2. Relationship to bootc switch

Complementary:

  • switch: Change image source
  • rollback: Revert to previous deployment

Usage:

# Switch to new image
bootc switch quay.io/myorg/debian-bootc:v2.0

# If issues, rollback
bootc rollback --apply

3. Relationship to bootc status

Status Display:

# Check current status
bootc status

# Perform rollback
bootc rollback

# Check updated status
bootc status

/etc Directory Behavior

1. /etc State Preservation

Important Note: When performing a rollback, changes made to files in the /etc directory won't carry over to the rolled-back deployment. The /etc files will revert to their state from that previous deployment.

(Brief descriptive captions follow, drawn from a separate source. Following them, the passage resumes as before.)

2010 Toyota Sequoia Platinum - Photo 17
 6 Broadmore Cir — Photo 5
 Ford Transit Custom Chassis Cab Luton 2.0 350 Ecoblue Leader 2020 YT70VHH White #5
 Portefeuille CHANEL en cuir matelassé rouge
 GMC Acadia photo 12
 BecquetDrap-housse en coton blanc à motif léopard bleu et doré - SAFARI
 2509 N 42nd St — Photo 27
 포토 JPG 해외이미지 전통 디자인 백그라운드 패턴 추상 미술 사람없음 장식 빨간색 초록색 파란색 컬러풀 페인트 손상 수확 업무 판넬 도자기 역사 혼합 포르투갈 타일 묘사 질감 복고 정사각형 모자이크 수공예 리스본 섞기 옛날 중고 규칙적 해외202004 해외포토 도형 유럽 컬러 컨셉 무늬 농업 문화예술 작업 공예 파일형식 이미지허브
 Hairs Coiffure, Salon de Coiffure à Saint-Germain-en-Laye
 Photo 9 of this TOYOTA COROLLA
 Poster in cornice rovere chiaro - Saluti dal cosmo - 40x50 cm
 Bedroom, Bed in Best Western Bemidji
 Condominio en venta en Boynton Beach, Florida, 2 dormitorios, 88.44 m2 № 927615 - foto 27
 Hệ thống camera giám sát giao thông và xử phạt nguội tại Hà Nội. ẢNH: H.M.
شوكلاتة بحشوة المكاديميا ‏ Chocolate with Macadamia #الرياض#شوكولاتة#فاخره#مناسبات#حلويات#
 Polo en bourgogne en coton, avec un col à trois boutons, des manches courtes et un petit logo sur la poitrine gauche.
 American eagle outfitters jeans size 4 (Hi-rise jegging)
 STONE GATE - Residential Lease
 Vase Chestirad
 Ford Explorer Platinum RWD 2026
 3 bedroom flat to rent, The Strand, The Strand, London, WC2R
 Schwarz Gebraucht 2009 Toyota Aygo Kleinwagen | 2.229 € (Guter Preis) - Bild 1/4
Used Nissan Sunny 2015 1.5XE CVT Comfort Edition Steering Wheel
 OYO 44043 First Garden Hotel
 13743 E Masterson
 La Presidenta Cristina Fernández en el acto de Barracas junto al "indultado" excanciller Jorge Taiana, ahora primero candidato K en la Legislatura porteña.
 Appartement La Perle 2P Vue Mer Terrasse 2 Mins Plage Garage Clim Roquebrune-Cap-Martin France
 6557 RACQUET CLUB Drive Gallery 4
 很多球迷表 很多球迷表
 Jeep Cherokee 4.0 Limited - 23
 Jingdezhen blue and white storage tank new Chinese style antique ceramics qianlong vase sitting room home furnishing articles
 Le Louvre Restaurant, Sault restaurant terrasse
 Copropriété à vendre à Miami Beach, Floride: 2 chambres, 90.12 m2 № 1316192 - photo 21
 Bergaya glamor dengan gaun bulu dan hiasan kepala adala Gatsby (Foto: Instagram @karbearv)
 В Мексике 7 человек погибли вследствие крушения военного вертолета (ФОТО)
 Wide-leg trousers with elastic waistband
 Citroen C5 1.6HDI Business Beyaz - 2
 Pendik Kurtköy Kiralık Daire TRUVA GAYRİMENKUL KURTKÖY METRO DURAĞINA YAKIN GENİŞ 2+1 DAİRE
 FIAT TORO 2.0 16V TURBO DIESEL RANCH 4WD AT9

2. Why /etc Changes Don't Persist

// This is because `bootc rollback` just reorders the existing
// deployments. It doesn't create new deployments. The `/etc`
// merges happen when new deployments are created.

Reason:

  • Deployment Reordering: Rollback only changes boot order
  • No New Deployment: Doesn't create new deployment
  • No /etc Merge: /etc merges happen during deployment creation

3. /etc State Management

Current Deployment:

  • /etc changes are preserved
  • Local modifications remain

Rollback Deployment:

  • /etc state from previous deployment
  • No local modifications from current deployment

Security Considerations

1. Rollback Validation

  • Deployment Existence: Verify rollback deployment exists
  • Image Compatibility: Ensure rollback is container-based
  • Transition Safety: Validate state transitions

2. State Consistency

  • Atomic Operations: All-or-nothing rollback operations
  • Status Updates: Consistent system status updates
  • Logging: Comprehensive operation logging

3. Access Control

  • Privilege Requirements: Appropriate system privileges
  • Deployment Access: Access to deployment information
  • Bootloader Control: Bootloader configuration access

Performance Considerations

1. Rollback Speed

  • No Image Download: Rollback doesn't download images
  • Deployment Reordering: Only changes boot order
  • Fast Execution: Quick rollback operations

2. State Management

  • Minimal Changes: Only reorders existing deployments
  • Preserved State: Maintains deployment history
  • Efficient Updates: Minimal system updates

3. Boot Time

  • No Impact: Rollback doesn't affect boot time
  • Same Images: Uses existing deployments
  • Normal Boot: Standard boot process

Troubleshooting

1. Common Issues

No Rollback Available

# Check system status
bootc status

# Check deployment history
ostree admin status

Rollback Not Container-Based

# Check rollback deployment
bootc status --json | jq '.status.rollback'

# Check deployment type
ostree admin status

Soft Reboot Fails

# Use regular reboot
bootc rollback --apply

# Check soft reboot support
bootc rollback --apply --soft-reboot=required

2. Debug Commands

# Enable debug logging
RUST_LOG=debug bootc rollback

# Check system logs
journalctl -u bootc-fetch-apply-updates.service

# Check deployment status
ostree admin status

Best Practices

1. Rollback Strategy

  • Test Rollbacks: Test rollback procedures regularly
  • Monitor Deployments: Keep track of deployment history
  • Quick Response: Be prepared for quick rollbacks
  • Documentation: Document rollback procedures

2. System Management

  • Regular Backups: Backup important /etc configurations
  • Deployment Monitoring: Monitor deployment health
  • Rollback Testing: Test rollback procedures
  • Recovery Planning: Plan for rollback scenarios

3. Integration

  • Automated Monitoring: Monitor for rollback needs
  • Alert Systems: Alert on rollback operations
  • Documentation: Document rollback procedures
  • Training: Train operators on rollback procedures

Future Enhancements

1. Planned Features

  • Userspace Restart: For kernel-unchanged rollbacks
  • Rollback Automation: Automatic rollback on failure
  • Rollback Scheduling: Time-based rollback operations
  • Health Checks: Pre/post rollback validation

2. Integration Improvements

  • API Support: REST API for rollback operations
  • Web Interface: Web-based rollback management
  • Configuration Management: Declarative rollback control
  • Audit Logging: Comprehensive audit trails

This technical guide provides comprehensive understanding of the bootc rollback system's architecture, implementation, and usage patterns.